Sarah, Jane and Irene have equal number of buttons. Sarah packs all her buttons equally into 8 packets. Jane packs all her buttons equally into 10 packets. Irene packs all her buttons equally into 5 packets. 4 packets of Sarah's buttons, 5 packets of Jane's buttons and 3 packets of Irene's buttons add up to 576 buttons. How many buttons do they have altogether?
| |
Sarah |
Jane |
Irene |
| Number of packets |
8 |
10 |
5 |
| Number of buttons |
40 u |
40 u |
40 u |
| Number of buttons in each packet |
5 u |
4 u |
8 u |
All the buttons can be put into the packets without remainder.
All the children have equal numbers of buttons.
Make the number of buttons that each child has the same.

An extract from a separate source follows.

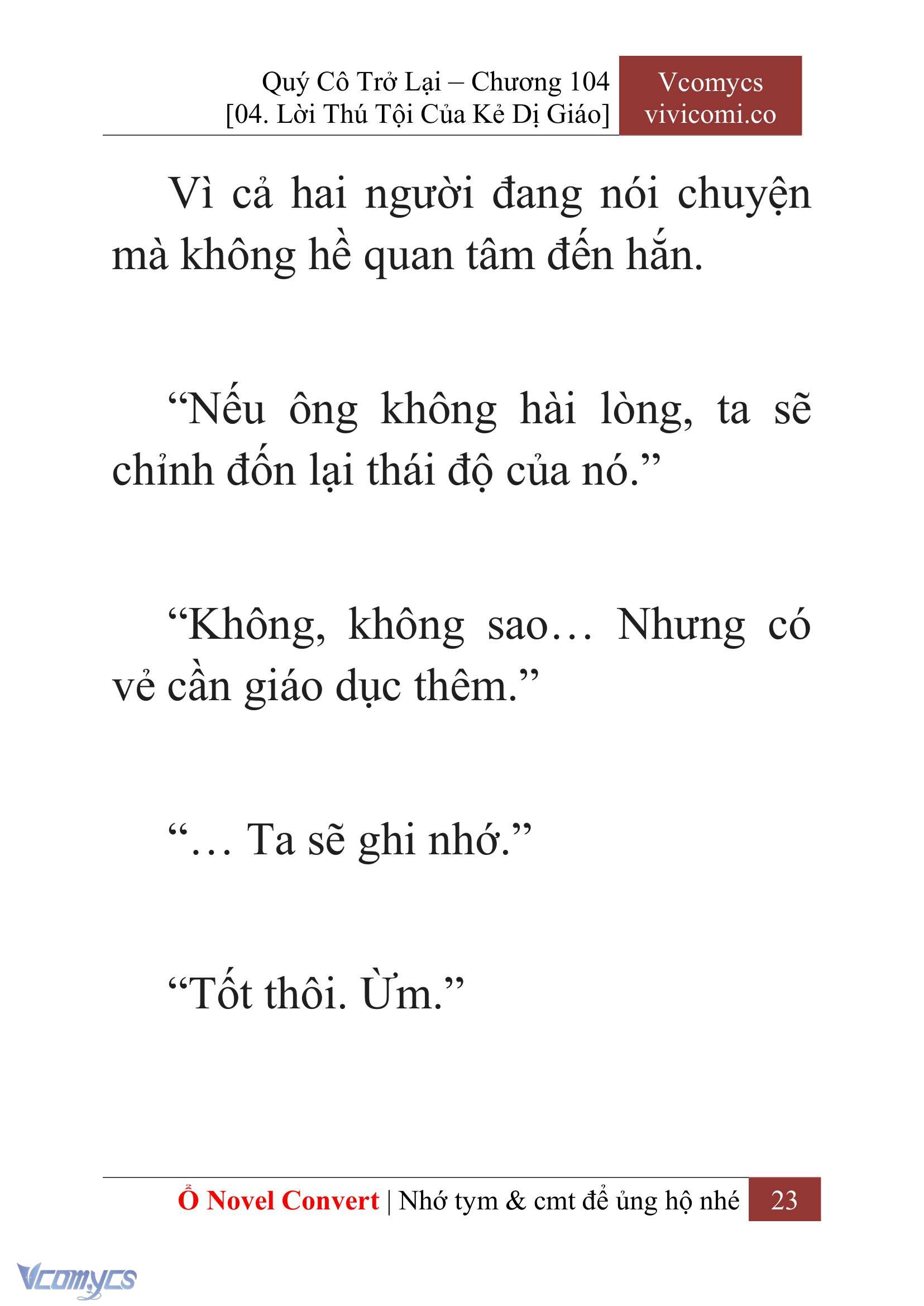 [Novel] Quý Cô Trở Lại Chap 104 - Trang 2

LCM of 8, 10 and 5 = 40
Number of buttons that each child has = 40 u
Number of buttons in 1 packet of Sarah's buttons = 40 u ÷ 8 = 5 u
Number of buttons in 1 packet of Jane's buttons = 40 u ÷ 10 = 4 u
Number of buttons in 1 packet of Irene's buttons = 40 u ÷ 5 = 8 u
Number of buttons in 4 packets of Sarah's buttons, 5 packets of Jane's buttons and 3 packets of Irene's buttons
= (4 x 5 u) + (5 x 4 u) + (3 x 8 u)
= 20 u + 20 u + 24 u
= 64 u
64 u = 576
1 u = 576 ÷ 64 = 9
Total number of buttons that they have
= 3 x 40 u
= 120 u
= 120 x 9
= 1080
Answer(s): 1080